On September 27, Tunisia’s Assembly of the Representatives of the People passed a new law that stripped the Administrative Court of its jurisdiction in electoral matters, preventing it from acting as a check on abuses. Following mass arrests, over 170 people are now detained in Tunisia on political grounds or for exercising their fundamental rights, including more than 110 connected to the Ennahda opposition party. Meanwhile, Tunisia’s electoral commission arbitrarily denied accreditation to election observers and targeted the media.

“Tunisian authorities are systematically placing obstacle after obstacle in the way of a fair election and opposition candidates being able to campaign for president freely,” said Bassam Khawaja, deputy Middle East and North Africa director at Human Rights Watch. “After mass arrests and targeting prospective contenders, they are now changing the electoral law just days before the election, cutting off avenues for meaningful oversight and appeal.”

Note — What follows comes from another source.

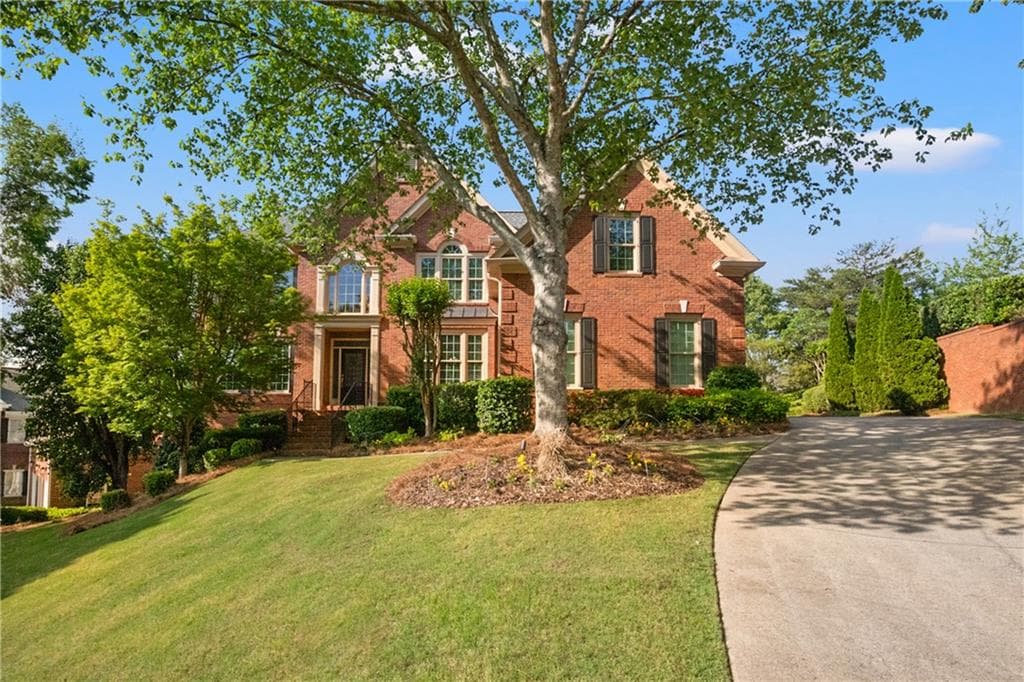 5 bedroom, 5 bathroom single family residence sold at 6020 Ettington Drive, Suwanee, GA 30024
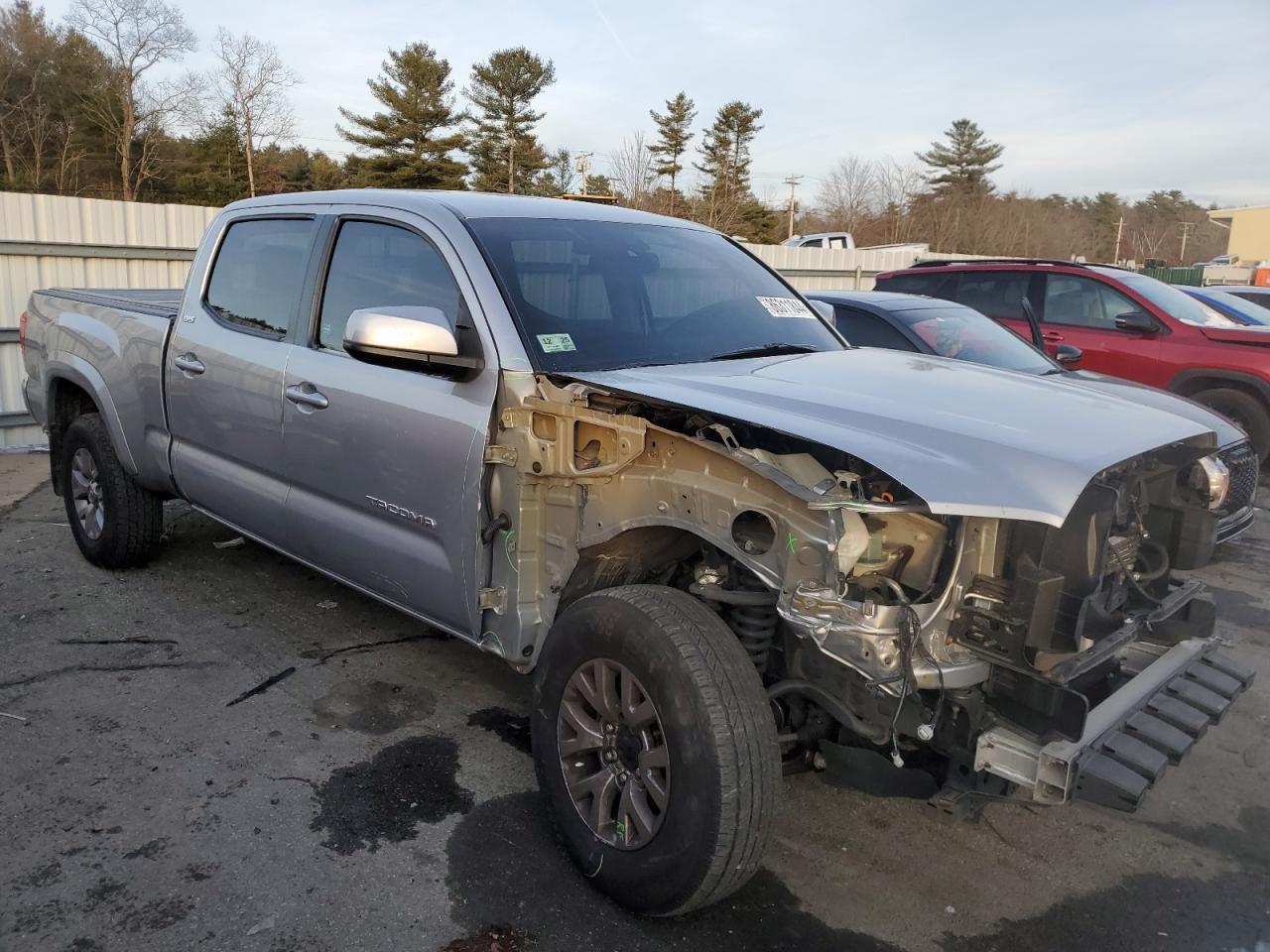 2019 TOYOTA TACOMA DOU - Фото 4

Following amendments to the 2014 electoral law, the Tunis Court of Appeal will have the sole authority to settle electoral disputes, with decisions subject to appeal before the Cassation Court. The law’s text stipulates that no other judicial authority “may continue to handle disputes, appeals, and decisions related to the 2024 presidential election,” and specifies that this applies to ongoing disputes related to the presidential ballot.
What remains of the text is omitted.